EXERCISE:
Verbatim output of the lines below is required, with the images omitted.

DATA EXTRACT:
..............................
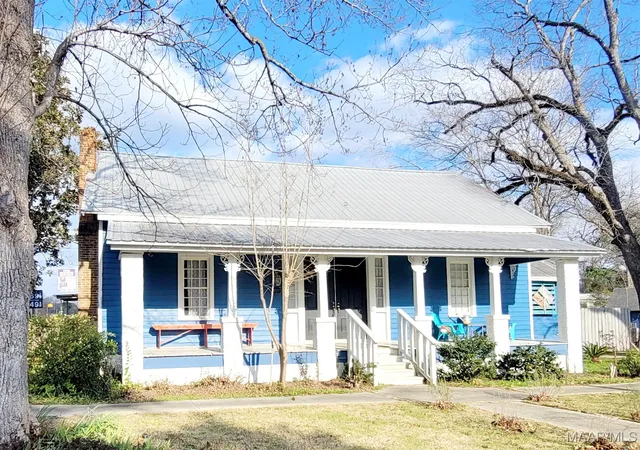 Homes for sale in Autaugaville, AL | 101 S Autauga St, Autaugaville, AL 36003 | MLS# 583276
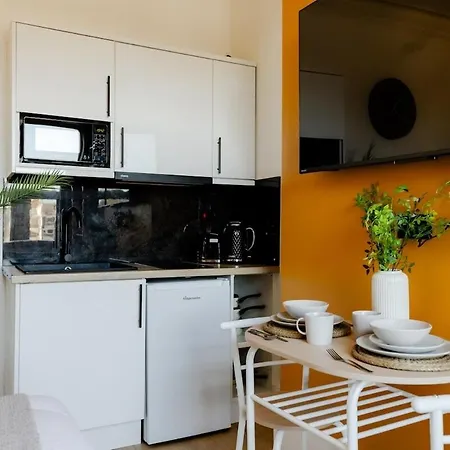Hyde Park Designer Serviced With A/c * London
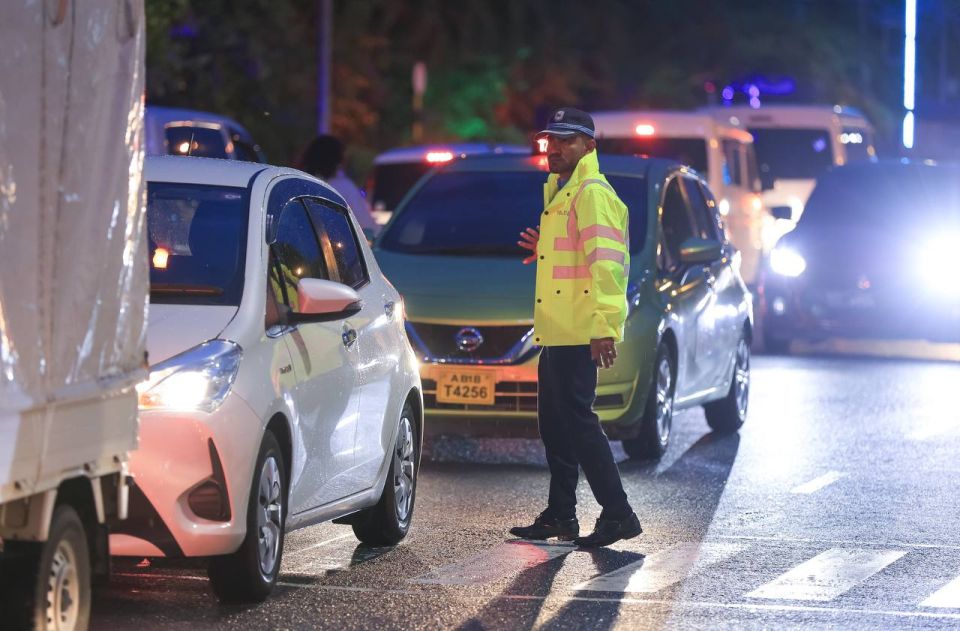 Accident madhu kuran fuluhunge haassa policy eh, dhuvvaathaa 5 minute therey fuluhaku fennan jeheyne! 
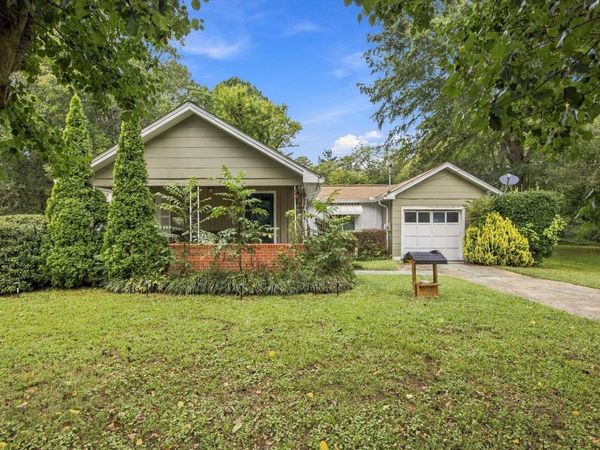 808 S Chattanooga Street, La Fayette, GA 30728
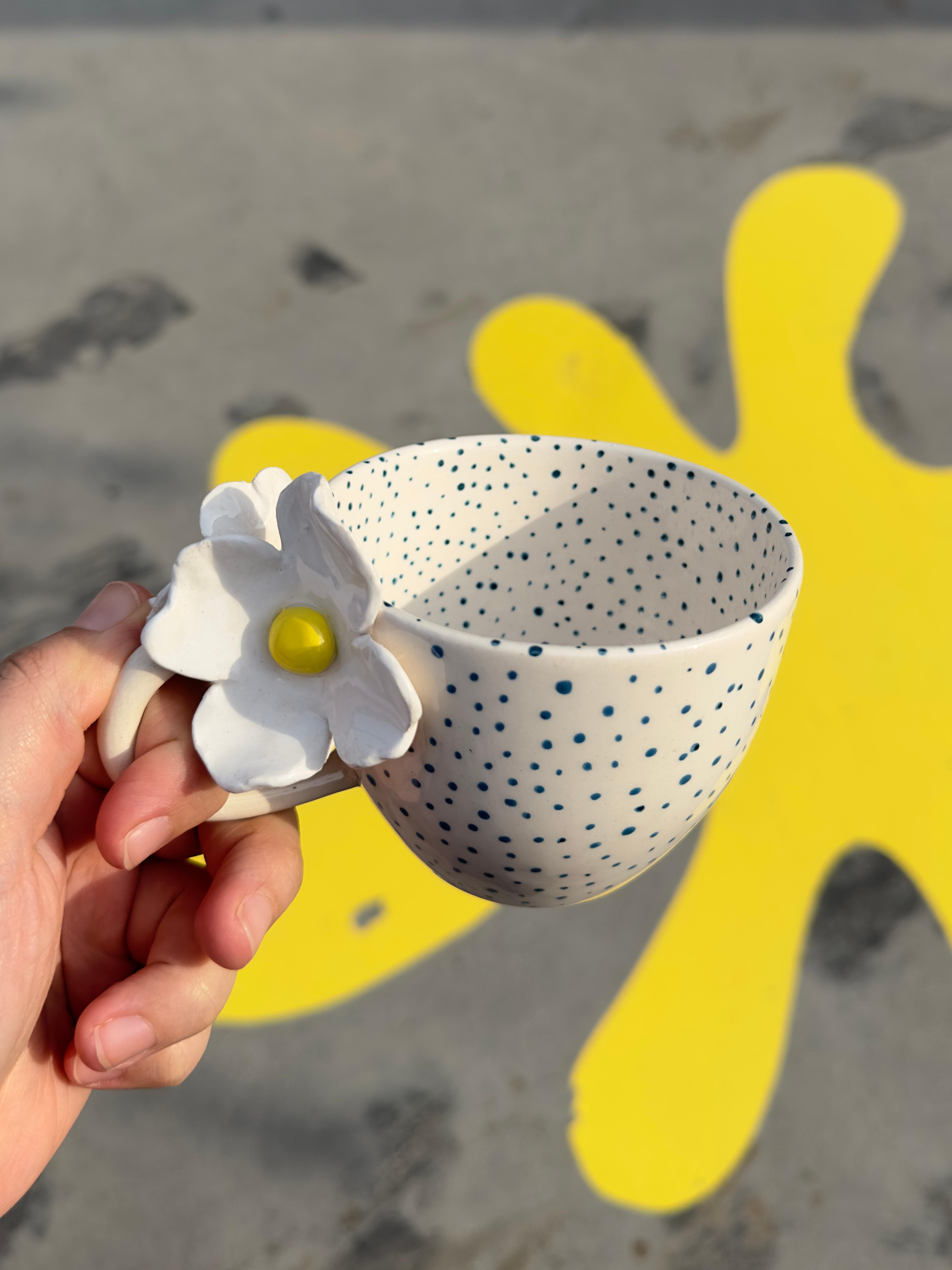 Floral Handle Spotted Mug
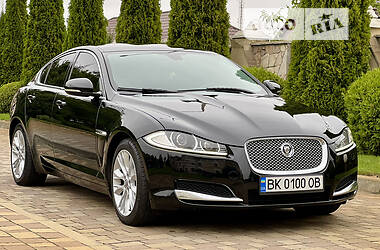 Седан Jaguar XF 2013 в 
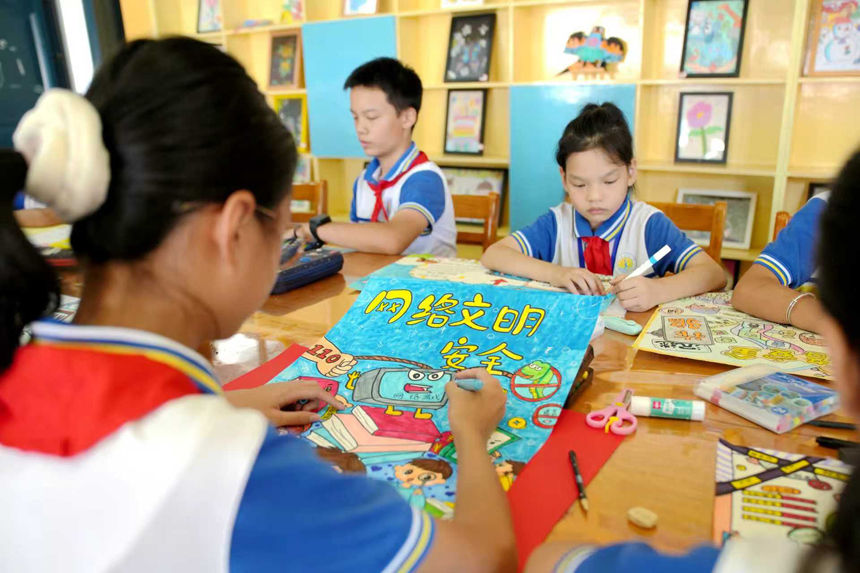 孩子們正在繪制“網絡安全”手抄報。陳旗海攝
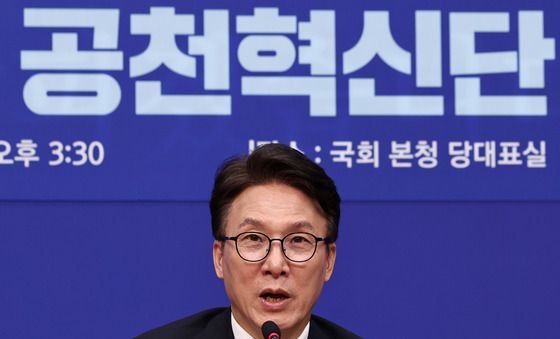 인사말하는 김민석 대표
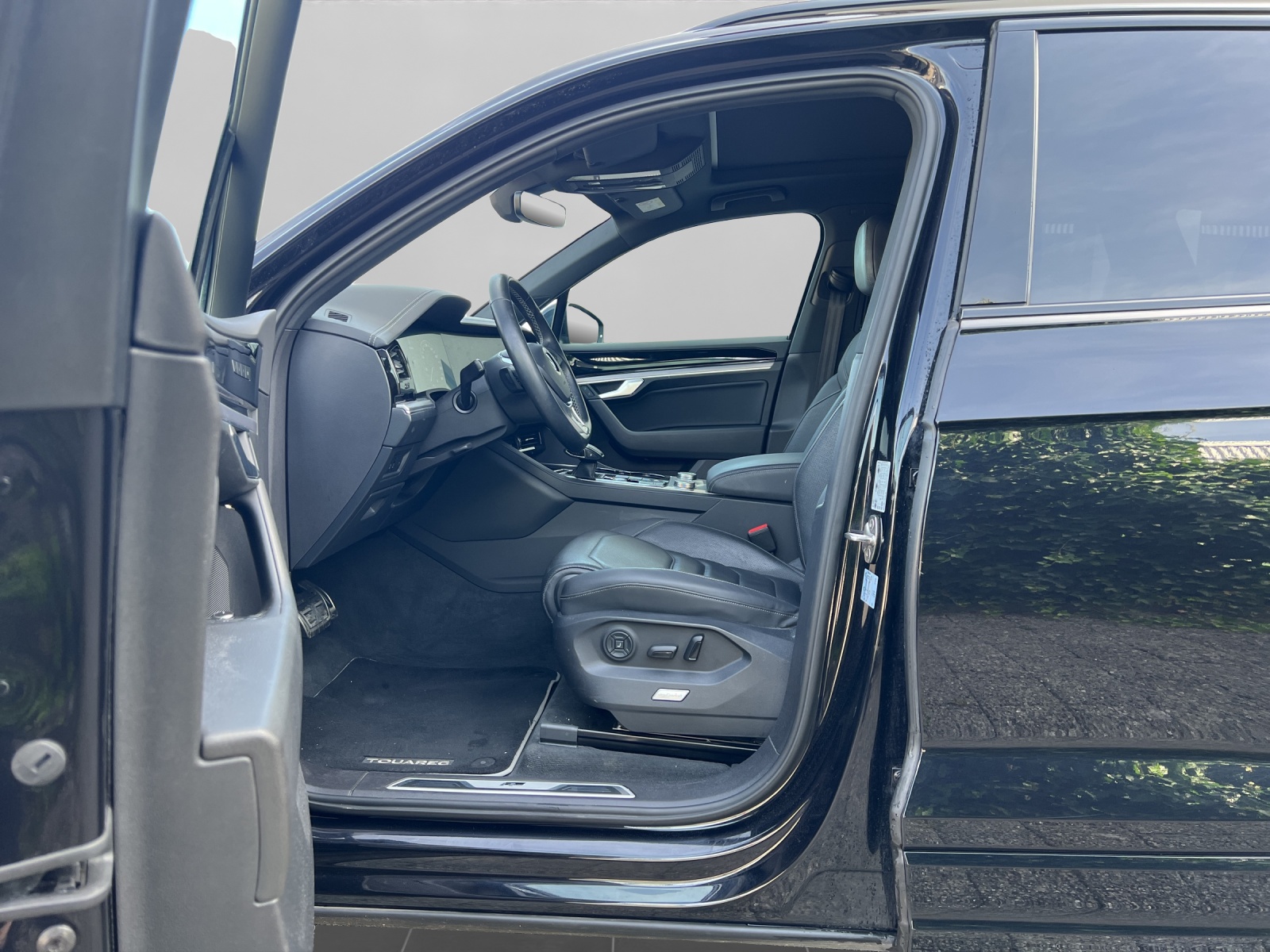 VW Touareg 3.0 TDI R Line Tiptronic-image-8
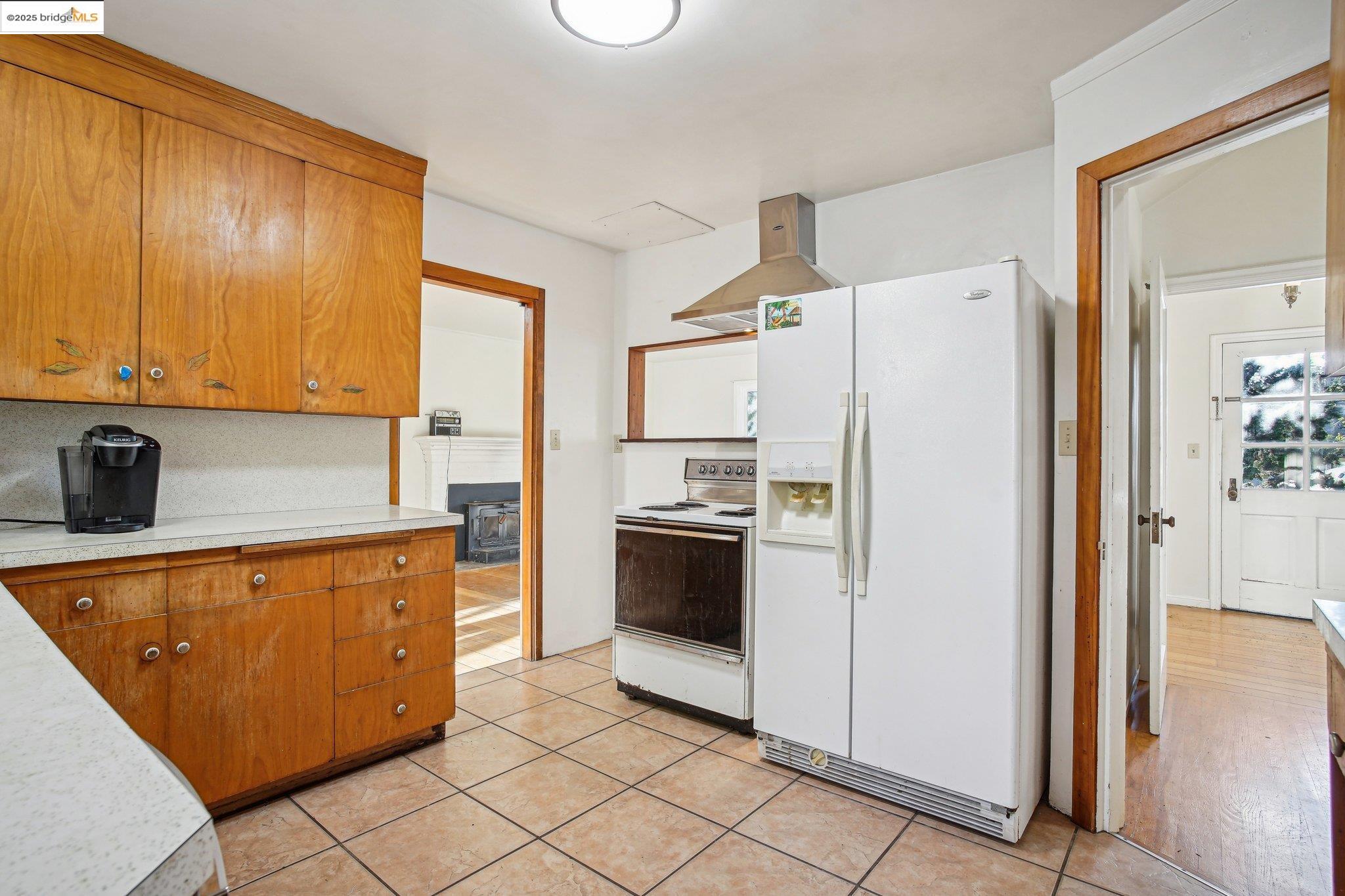 Detail Gallery Image 15 of 39 For 6576 Lucas Ave, Oakland,  CA 94611 - 4 Beds | 2 Baths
..............................
EXPECTED ANSWER:
 Homes for sale in Autaugaville, AL | 101 S Autauga St, Autaugaville, AL 36003 | MLS# 583276
Hyde Park Designer Serviced With A/c * London
 Accident madhu kuran fuluhunge haassa policy eh, dhuvvaathaa 5 minute therey fuluhaku fennan jeheyne! 
 808 S Chattanooga Street, La Fayette, GA 30728
 Floral Handle Spotted Mug
 Седан Jaguar XF 2013 в 
 孩子們正在繪制“網絡安全”手抄報。陳旗海攝
 인사말하는 김민석 대표
 VW Touareg 3.0 TDI R Line Tiptronic-image-8
 Detail Gallery Image 15 of 39 For 6576 Lucas Ave, Oakland,  CA 94611 - 4 Beds | 2 Baths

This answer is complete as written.